The UK Government has six months to take steps to lift the blanket ban on prison inmates voting in election, after a decision of the European Court of Human Rights yesterday affirming its previous ruling that automatic disenfranchisement is incompatible with the European Convention.

In the new decision, Scoppola v Italy (No 3), the court however accepted an argument for the UK Government, which intervened in the case, that each State has a wide discretion as to how it regulates the ban, both as regards the types of offence that should result in the loss of the vote and as to whether disenfranchisement should be ordered by a judge in an individual case or should result from general application of a law.

The case concerned Mr Scoppola’s loss of the vote following his criminal conviction for killing his wife and wounding one of his sons. The court held, by a majority, that there had been no violation of article 3 of Protocol No 1 (right to free elections) to the Convention. Under Italian law only prisoners convicted of certain offences against the state or the judicial system, or sentenced to at least three years’ imprisonment, lost the right to vote. There was, therefore, no general, automatic, indiscriminate measure of the kind that led the court to find a violation in the Hirst case brought against the UK.

The court previously granted the UK an extension of time to introduce legislation, so that the six month period previously considered appropriate would run from the date of the Scoppola judgment. If the Government complies with this timeframe, the court will proceed to strike out all the similar pending cases by UK prisoners against the Government.

Calling on the UK Government to now implement its obligation in line with its position at the recent Brighton summit, Professor Alan Miller, chair of the Scottish Human Rights Commission, said the decision provided guidance on how the UK can meet its legal obligations to ensure restrictions on the right to vote are proportionate.

He commented: "A move away from a blanket ban on prisoner voting would bring the UK into line the overwhelming majority of other European countries, and many others around the world. The only countries where all convicted prisoners serving prison sentences of the right to vote are disenfranchised are the UK, Armenia, Bulgaria, Estonia, Georgia, Hungary, and Russia.

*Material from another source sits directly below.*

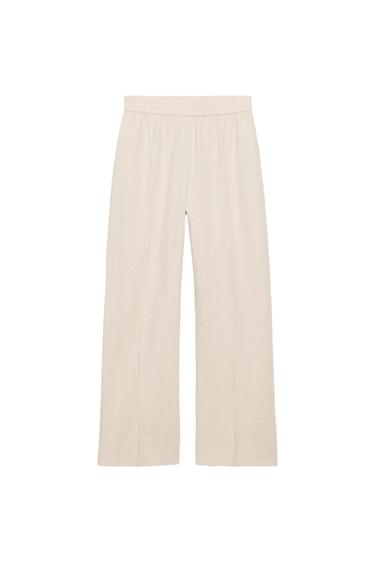 GERADE GESCHNITTENE LEINENHOSE - Hellbeige von Zara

"As recognised by the UK Government at the recent Brighton Conference on the future of the European Court, the key to the effective functioning of the European Court is national implementation of the Convention and execution of judgements. The UK now has to put this principle into practice. The UK Government has the obligation to introduce and Parliament the responsibility to enact legislation which will allow the UK to meet its legal obligations."

Juliet Lyon, Director of the Prison Reform Trust, said: "People are sent to prison to lose their liberty, not their identity. The UK’s outdated ban on sentenced prisoners voting, based on the 19th century concept of civic death, has no place in a modern democracy and is legally and morally unsustainable."